In the listing that follows, locate the line containing "Электродвигатель ESQ PR" and the line containing "Тетерев - интересные факты". Retype exactly those two lines and every line between them, and nothing more.

Supplied records =

▬▬▬

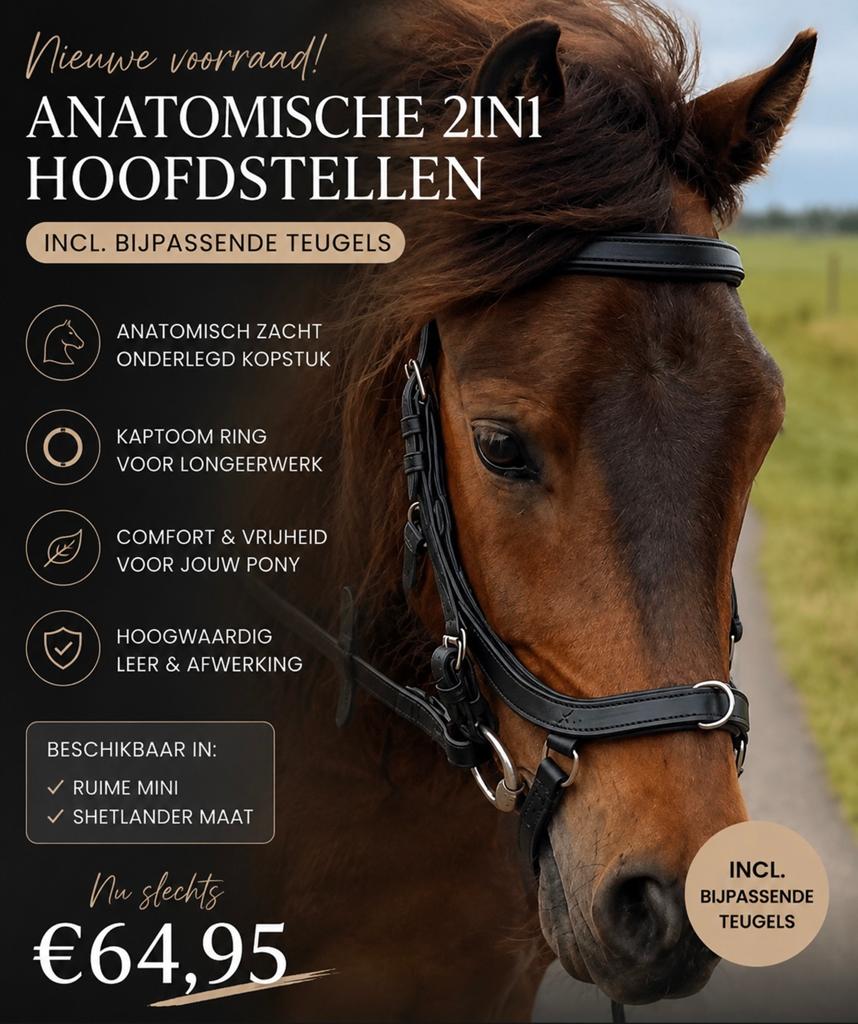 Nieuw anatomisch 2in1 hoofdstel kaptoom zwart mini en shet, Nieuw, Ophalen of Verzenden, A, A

▬▬▬

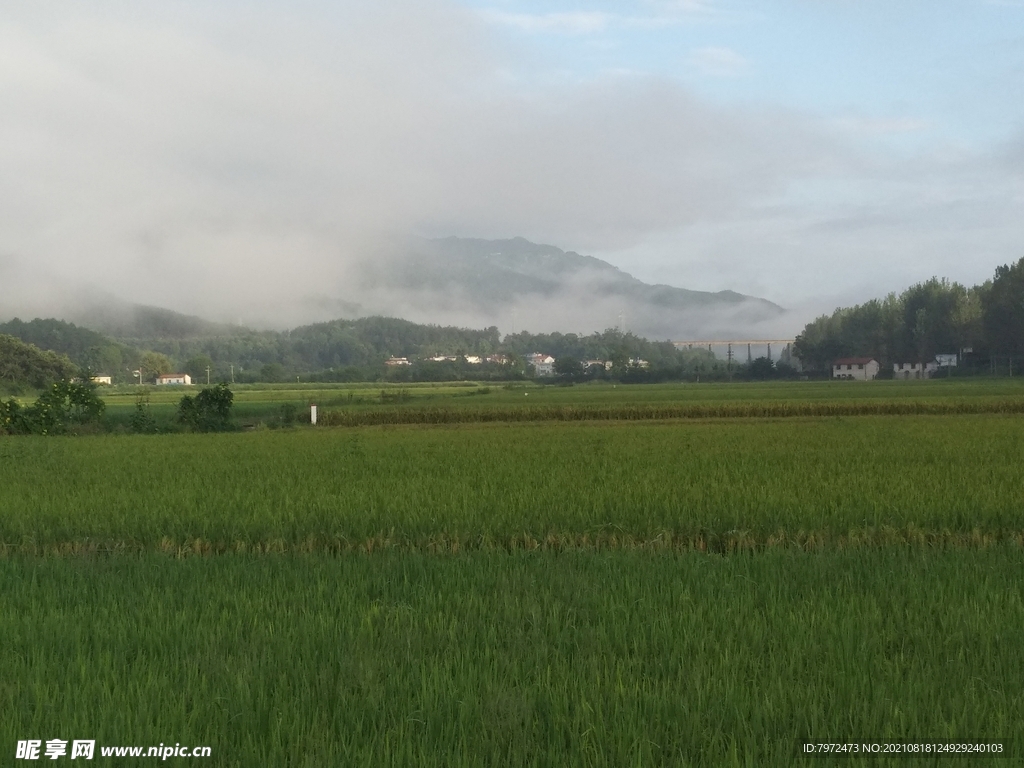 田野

▬▬▬

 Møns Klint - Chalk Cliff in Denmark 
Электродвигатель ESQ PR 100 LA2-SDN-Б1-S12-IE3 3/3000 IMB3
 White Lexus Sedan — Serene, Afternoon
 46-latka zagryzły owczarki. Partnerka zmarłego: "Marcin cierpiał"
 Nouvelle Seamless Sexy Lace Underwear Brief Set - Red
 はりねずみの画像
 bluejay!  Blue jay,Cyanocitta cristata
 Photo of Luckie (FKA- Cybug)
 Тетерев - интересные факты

▬▬▬

Expected answer =
Электродвигатель ESQ PR 100 LA2-SDN-Б1-S12-IE3 3/3000 IMB3
 White Lexus Sedan — Serene, Afternoon
 46-latka zagryzły owczarki. Partnerka zmarłego: "Marcin cierpiał"
 Nouvelle Seamless Sexy Lace Underwear Brief Set - Red
 はりねずみの画像
 bluejay!  Blue jay,Cyanocitta cristata
 Photo of Luckie (FKA- Cybug)
 Тетерев - интересные факты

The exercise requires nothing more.